▸ **WHAT TO DO**:
Your answer must be an exact transcription of every record below, with the pictures omitted.

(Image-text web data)
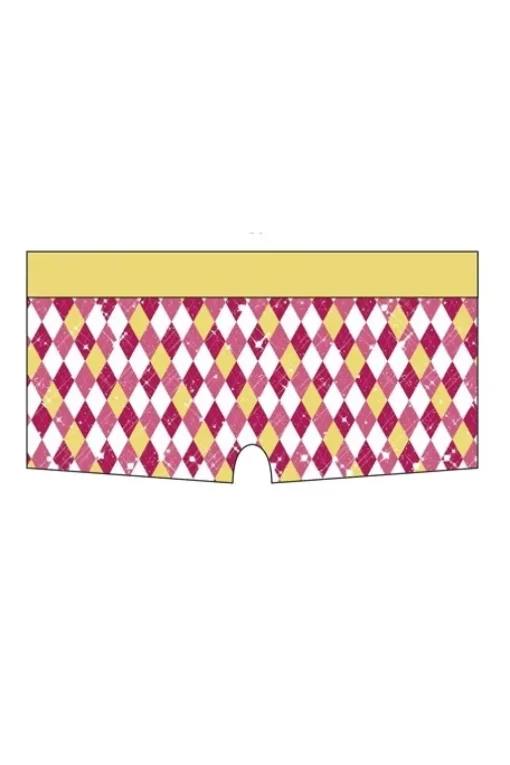 Yuri!!! on Ice Boxer Shorts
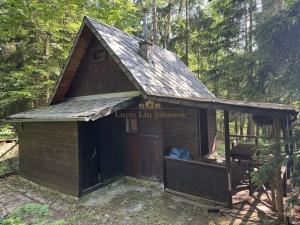 Prodej chaty, Krňany - Teletín, 44 m2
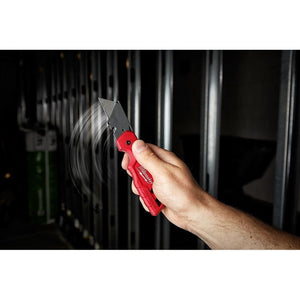 48 - 22 - 1501 FASTBACK Folding Utility Knife - Mississauga Hardware Centre Inc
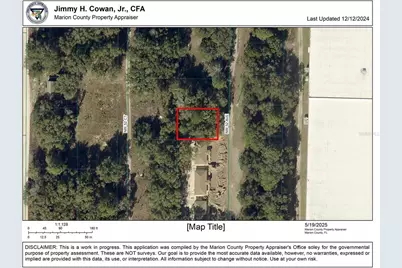 0 NW 52nd Avenue, Ocala, FL 34482 - Photo 1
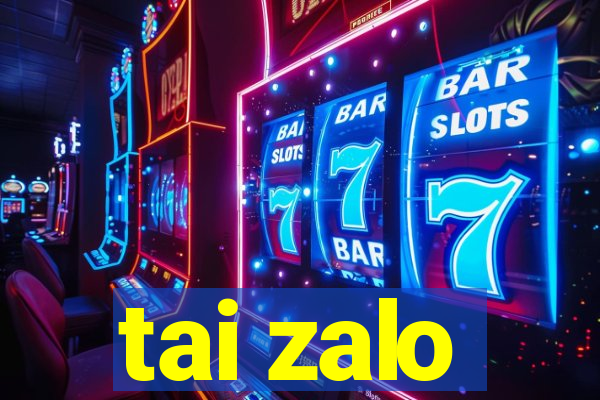 tai zalo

▸ **TASK RESPONSE**:
 Yuri!!! on Ice Boxer Shorts
 Prodej chaty, Krňany - Teletín, 44 m2
 48 - 22 - 1501 FASTBACK Folding Utility Knife - Mississauga Hardware Centre Inc
 0 NW 52nd Avenue, Ocala, FL 34482 - Photo 1
 tai zalo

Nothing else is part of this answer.